**Required action**
Reproduce every entry word for word. Drop all pictures from the copy.

Exercise data: Begin

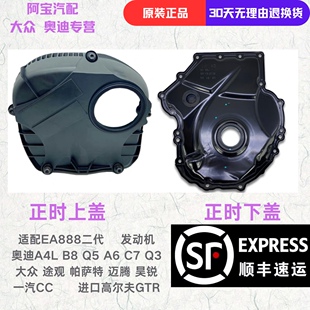 适配A6Q5途观新帕速腾CC迈腾EA888发动机正时下盖曲轴前油封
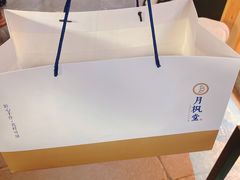 -月枫堂(长春这有山店)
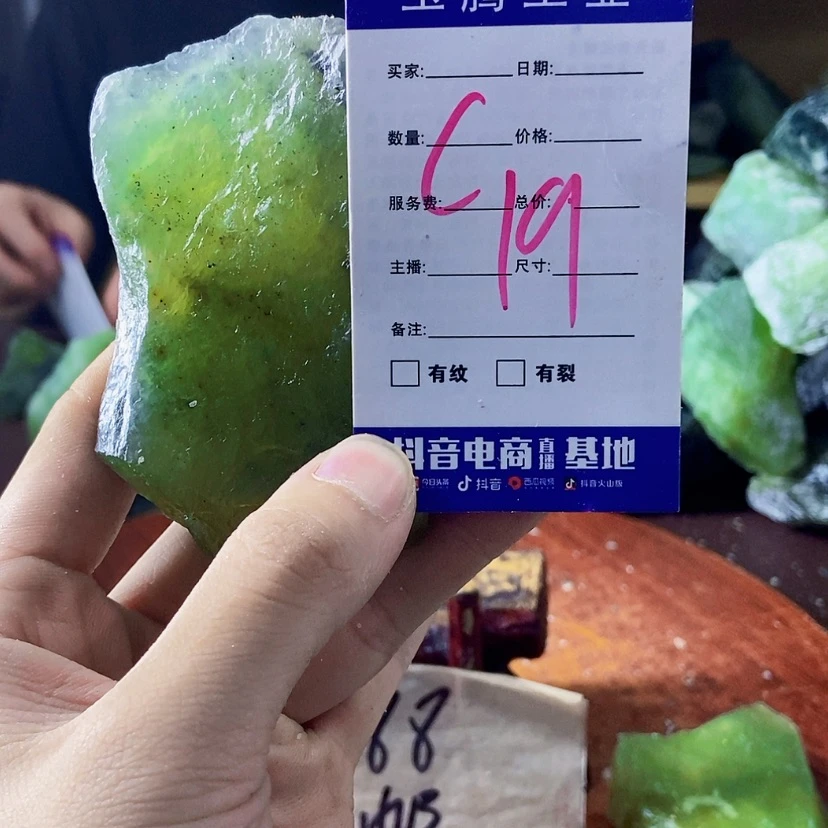 【闪购商品】蛇纹石玉未镶嵌岫玉原石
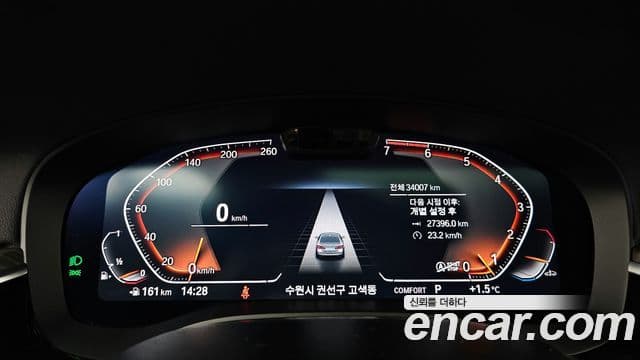 BMW 5 Series 2023 — ფოტო 8/20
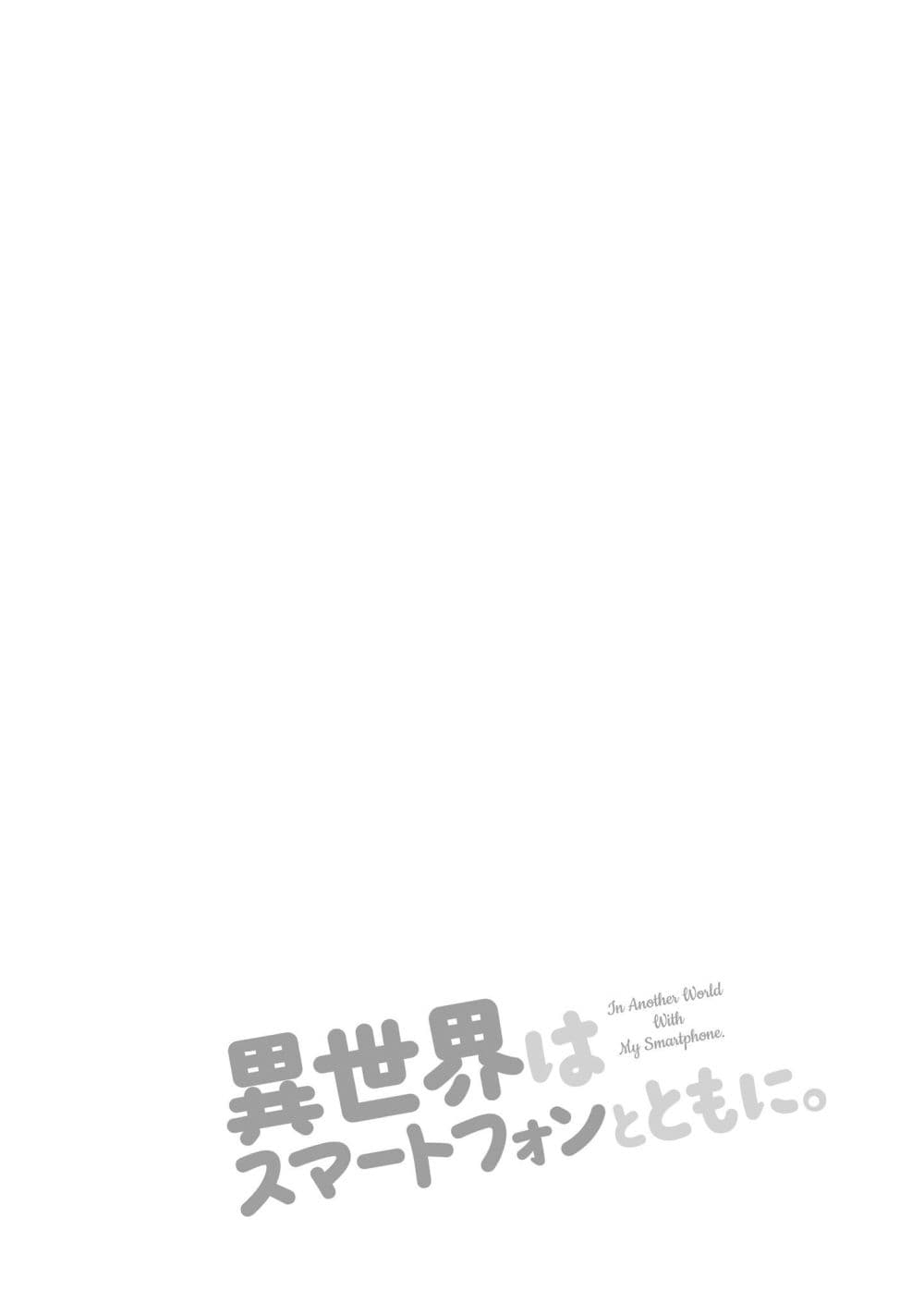 In Another World With My Smartphone ไปต่างโลกกับสมาร์ทโฟน ตอนที่ 58.1 (2)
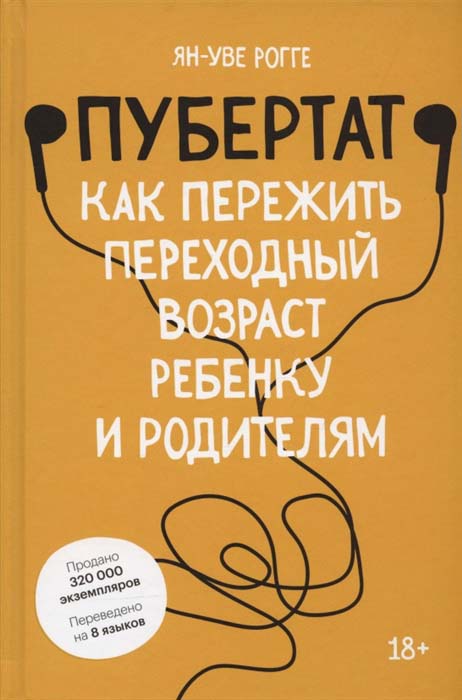 

Пубертат. Как пережить переходный возраст ребенку и родителям - Ян-Уве Рогге (978-5-00169-879-1)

Exercise data: End

**Solution**
 适配A6Q5途观新帕速腾CC迈腾EA888发动机正时下盖曲轴前油封
 -月枫堂(长春这有山店)
 【闪购商品】蛇纹石玉未镶嵌岫玉原石
 BMW 5 Series 2023 — ფოტო 8/20
 In Another World With My Smartphone ไปต่างโลกกับสมาร์ทโฟน ตอนที่ 58.1 (2)

Пубертат. Как пережить переходный возраст ребенку и родителям - Ян-Уве Рогге (978-5-00169-879-1)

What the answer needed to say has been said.